Friday, 24 January 2014

Steampunk Cheescake!

The Legatus is not really surprised to discover that there is a whole genre of Victorian steampunk cheesecake.  Certainly some of the wargames figures out there fall into this category and I am currently working on one now, although as she is one of the most challenging figures I have ever attempted to paint I'm not going to do any work in progress shots in case, as is quite likely, she turns out to be a total disaster!

Our first picture is by Taiwan-born American comic-book artist Ben Dunne who has actually written a book on how to draw steampunk; and their are quite a few books on this subject.   The young lady's weapons have a seventeenth century look to them.  She illustrates many of the conventions of the genre:  brass back pack, goggles, straps, random clock faces/pressure gauges and an inability to keep her upper thigh covered. Her blouse is more early Edwardian and, in common with a lot of these pictures, she sports anachronistic suspenders (garter belt for our American friends) for her stockings. Dunne was influenced by Manga early on while living in Taiwan as can be seen from her face.

A sword-armed lady this one, channeling Catherine Zeta-Jones, in Zorro perhaps.  Hopeless underwear here: Victorian ladies would have worn knee length drawers, no suspenders and bras hadn't been invented yet.  Probably a scientist could work out exactly how many sword strokes it would have needed to render her into this state.

This is a better effort, although it is let down by the suspenders and the sheer stockings.  The wings are intriguing.

Pistol connected to backpack. Check.  Goggles check!  Random dials attached to stockings. Check.  At least this girl doesn't have suspenders but the required tightness of her garter, in order to support all those brass dials, would surely cut off the blood to her legs.  The gloves are a nice touch but the effort of lugging all that equipment around has given her rather fearsome shoulder muscles.

Our next steampunk heroine, who looks like she may, in fact be the one above her as well, is certainly generating a lot of steam from her enormous, but rather nineteen thirties, backpack. She is encased in a frankly very un-Victorian catsuit affair. Her shoes are wrong so we can’t give this effort a high mark. Where are her goggles? Where are her dials?

More steam in this one and at least she has boots and goggles. Her trousers, vest and screwdriver all put her rather later than the nineteenth century, however.  Still she would make a good engineer (no doubt the Professor's wayward niece) in the engine room of a steam powered tunnelling machine or some prototype land dreadnought.

A trio of ladies, now, and not a backpack in sight but a very assertively displayed frontpack instead. Goggles straps (one of which appears to be dragging the centre lady’s petticoat rapidly southwards) and big brass-bound pistols are in evidence. There is not much point in having a corset that is so abbreviated that it doesn’t cover the waist, however.   The lady on the right has a nicely sportif hat; ideal for riding or a spot of archery, perhaps.

This picture of two exhausted looking maids (why are they so tired, we ask?) was the first steampunk cheesecake picture we found.
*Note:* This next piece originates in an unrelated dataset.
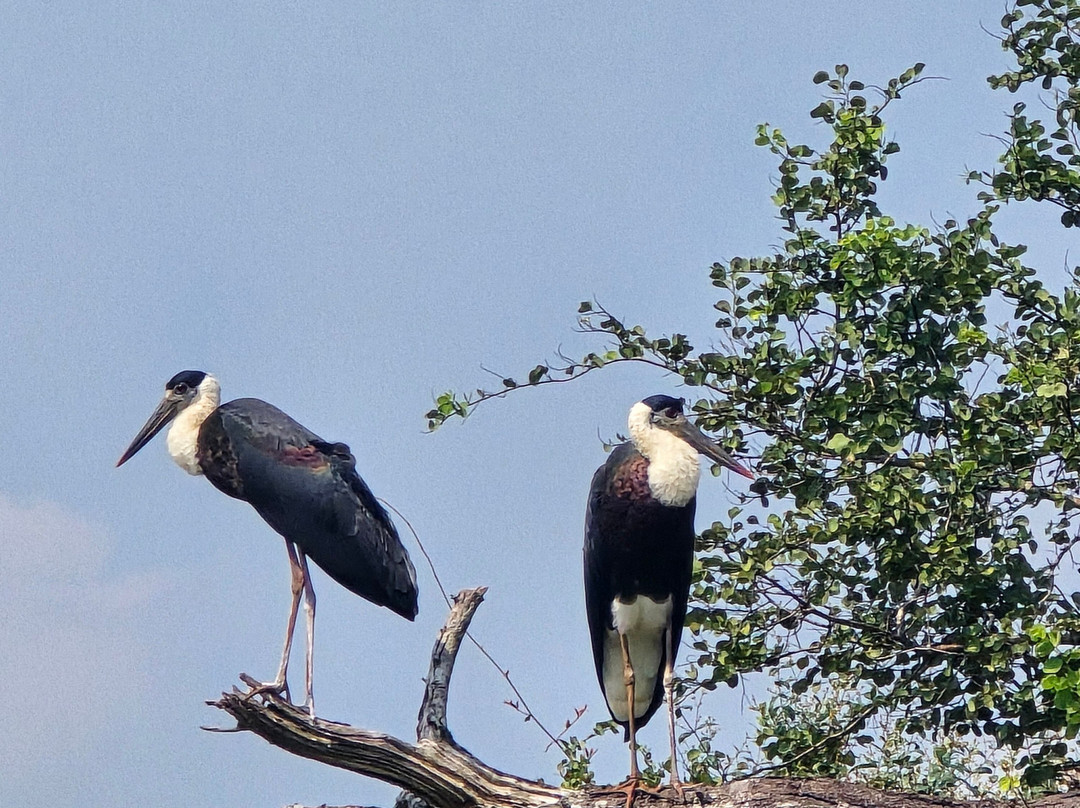 Safari With Asanka-锡吉里亚必去景点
What is that, exactly, gazing at them through the window? Perhaps it is a Victorian gentleman paid to play phonograph cylinders looking for a young lady to moles...,er, impress? A reasonable attempt at the stockings but those knickers are hopeless. The bra, of course, didn’t really catch on until the period of the Great War with the first short, boned camisole appearing in about 1900. It certainly didn’t look anything like this frothy, abbreviated little number.

The final one, I have to say, is my favourite. Not only does the lady look feistily independent but her clothes are much better; with lace cuffs, ankle boots and striped stockings, which were very popular at the end of the nineteenth century. She has a nice hat too. Too many of these ladies are out and about without hats which is certainly not the thing!  The brass encased fingers add the requisite steampunk element as does her fearsome looking pistol

So, I hope to get on with my own steampunk heroine this weekend.  


  1. A wonderful collection of artwork of a charmingly somewhat risque nature!

  2. They are all great in their diversity!
    One of the best discrimative between Victorian SF and Steampunk I read is "Women wear their corset under their dress in VSF, above it in Steampunk" (summarizing well that Steampunk goes further away from historical reality, not only in technology but also in society including fashion). Does it applies also to 'Lacepunk' girls? These would go wall with your Hussarettes!

  3. Legatus, There is a Facebook page called " steam punk world " Filled with very inspiring pictures.

    1. Thanks, but I don't understand Facebook!

    2. I had a look, just out of curiosity... you will definitely like it, I rather think its right up your street:
      (copy and paste above to your browser)

    3. Goodness. What a fine collection of post modern corsetry!